This week Greenfield, Iowa’s municipal water utility announced a ban on the city’s drinking water after initial tests indicated microcystin — a toxin produced by blue-green algae. The city is conducting further testing to confirm the source of the contamination. Drinking water containing microcystin can result in abnormal liver function, diarrhea, vomiting, nausea, numbness or dizziness. It can be toxic to animals as well. Recall that in 2014 a blue-green algae outbreak in Lake Erie shut down Toledo, Ohio’s municipal water supply to a half million residents.
The Greenfield incident is the latest warning that the integrity of Iowa’s water sources is in extreme danger from pollution. A June 2018 report from the Iowa Policy Project reports that the blue-green algae and associated toxins is a growing problem in Iowa waters.

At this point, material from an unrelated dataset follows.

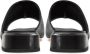 Cesare Gaspari Luxe Block Heeled Slippers Beatriz Black Dames - Thumbnail 3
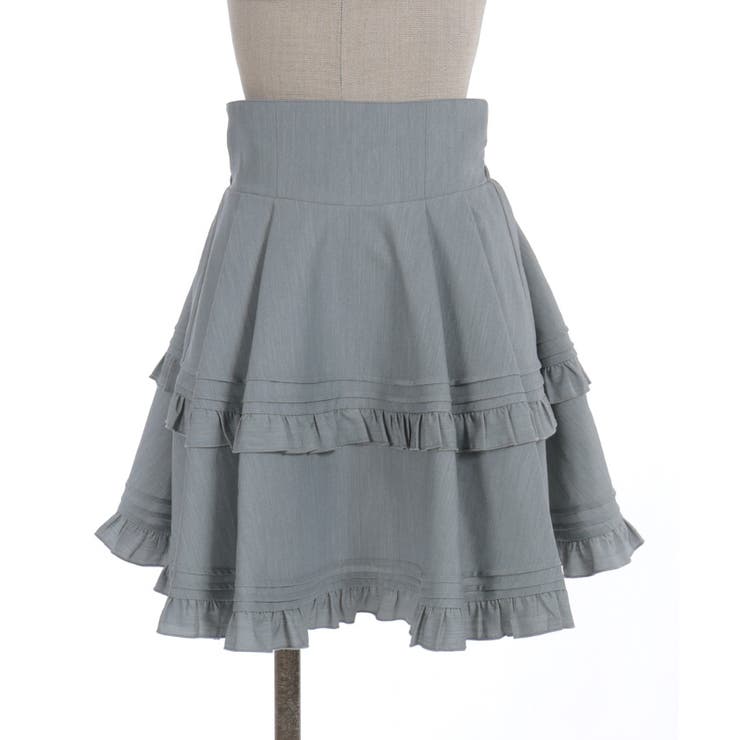 ハイウエストフリルスカパン | axes femme | 詳細画像12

The report states, “Fresh analysis confirms warnings in an Iowa Policy Project report nearly 10 years ago that this serious problem is expanding.”
The EPA predicts increasing algae blooms resulting from climate change. Higher temperatures, increased nutrient pollution and rising carbon dioxide levels all contribute to increasing algae blooms.
“Scientists predict that climate change will have many effects on freshwater and marine environments. These effects, along with nutrient pollution, might cause harmful algal blooms to occur more often, in more waterbodies and to be more intense. Algal blooms endanger human health, the environment and economies across the United States,” the EPA report said.
The blue-green algae blooms and resulting toxins are just one element contributing to Iowa’s growing water crisis. Much has been written about the increasing pollution from excess nitrogen and phosphorous. Des Moines Water Works announced last year they must spend $15 million to expand their nitrate removal equipment due to the increasing amounts of nitrates in their water sources.
There is a direct relationship between the increase in blue-green algae blooms and Iowa’s increasing nitrogen and phosphorus nutrient loads entering Iowa’s waters. The blooms are fed by excess nutrients and warmer temperatures resulting from climate change.
In addition, the increasing contamination of Iowa waters comes from bacterial contamination such as e-coli. It presents a growing health risk as well. Iowa has over 750 impaired water bodies with e-coli and microsystin as two of the primary contaminants.
E-coli presence in the Iowa waters indicate contamination by fecal matter from wildlife waste, sewage, or manure runoff. These pollutants can lead to diarrheal diseases, skin, ear, or respiratory infections. Obviously, high levels of e-coli in Iowa waters puts swimmers, boaters and water skiers at risk. Young children and older adults are at greater risk to life threatening illnesses from contact with e-coli.
Each week the Iowa DNR takes water samples for both e-coli and microsystin toxins at public beaches. This week several beaches around the state are closed to swimming because of excess e-coli in the waters. Several of these closed beaches are popular weekend getaways including Gull Point Beach on West Okoboji, McBride State Park Beach near Iowa City, George Wyth Beach in Cedar Falls-Waterloo and Nine Eagles State Park Beach near Lamoni. As you can see from the locations, the contamination is widespread across the state.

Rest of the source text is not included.